▸ What you have to do
When you reach the line containing "X 100 BIO CROCUS TOMM. BARRS PURPLE 5/+" in the records below, start copying exactly, and stop once you have copied the line containing "Maxi-rogo doloso tra".

▸ Provided entries
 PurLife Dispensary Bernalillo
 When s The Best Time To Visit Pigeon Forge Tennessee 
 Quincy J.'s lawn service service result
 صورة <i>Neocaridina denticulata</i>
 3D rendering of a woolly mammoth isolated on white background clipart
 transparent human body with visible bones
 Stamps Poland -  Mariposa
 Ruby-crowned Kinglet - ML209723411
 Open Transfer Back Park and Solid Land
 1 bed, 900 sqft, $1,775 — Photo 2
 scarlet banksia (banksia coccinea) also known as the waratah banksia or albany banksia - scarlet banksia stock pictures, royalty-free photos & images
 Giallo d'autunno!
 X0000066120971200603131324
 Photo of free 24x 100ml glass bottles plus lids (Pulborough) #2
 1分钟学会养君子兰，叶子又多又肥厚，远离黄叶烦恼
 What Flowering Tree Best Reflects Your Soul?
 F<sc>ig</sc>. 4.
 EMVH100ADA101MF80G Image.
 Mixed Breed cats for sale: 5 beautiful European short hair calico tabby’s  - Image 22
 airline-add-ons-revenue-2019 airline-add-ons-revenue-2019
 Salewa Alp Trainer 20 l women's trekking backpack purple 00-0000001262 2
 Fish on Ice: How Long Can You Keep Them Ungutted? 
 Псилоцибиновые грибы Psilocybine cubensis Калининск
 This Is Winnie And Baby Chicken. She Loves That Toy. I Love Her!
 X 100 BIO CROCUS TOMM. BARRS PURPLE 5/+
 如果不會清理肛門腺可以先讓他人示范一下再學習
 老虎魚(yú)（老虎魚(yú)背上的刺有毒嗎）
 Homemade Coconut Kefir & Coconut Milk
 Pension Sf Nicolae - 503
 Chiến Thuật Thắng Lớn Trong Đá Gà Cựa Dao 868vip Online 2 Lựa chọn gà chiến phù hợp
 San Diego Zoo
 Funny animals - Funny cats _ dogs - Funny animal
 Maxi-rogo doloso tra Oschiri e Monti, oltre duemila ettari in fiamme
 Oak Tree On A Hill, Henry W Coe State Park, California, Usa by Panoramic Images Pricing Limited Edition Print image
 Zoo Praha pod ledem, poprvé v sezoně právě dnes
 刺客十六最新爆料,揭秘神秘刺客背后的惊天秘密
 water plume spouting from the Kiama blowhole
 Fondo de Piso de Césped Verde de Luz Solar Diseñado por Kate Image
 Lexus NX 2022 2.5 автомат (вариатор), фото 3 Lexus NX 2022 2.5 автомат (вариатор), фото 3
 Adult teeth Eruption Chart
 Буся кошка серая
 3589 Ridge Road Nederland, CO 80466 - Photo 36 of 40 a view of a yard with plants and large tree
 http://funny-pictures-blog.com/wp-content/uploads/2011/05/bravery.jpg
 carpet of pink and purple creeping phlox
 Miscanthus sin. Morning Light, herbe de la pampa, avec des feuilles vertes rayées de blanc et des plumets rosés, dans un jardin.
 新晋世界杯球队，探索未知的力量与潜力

▸ Solution for this task
 X 100 BIO CROCUS TOMM. BARRS PURPLE 5/+
 如果不會清理肛門腺可以先讓他人示范一下再學習
 老虎魚(yú)（老虎魚(yú)背上的刺有毒嗎）
 Homemade Coconut Kefir & Coconut Milk
 Pension Sf Nicolae - 503
 Chiến Thuật Thắng Lớn Trong Đá Gà Cựa Dao 868vip Online 2 Lựa chọn gà chiến phù hợp
 San Diego Zoo
 Funny animals - Funny cats _ dogs - Funny animal
 Maxi-rogo doloso tra Oschiri e Monti, oltre duemila ettari in fiamme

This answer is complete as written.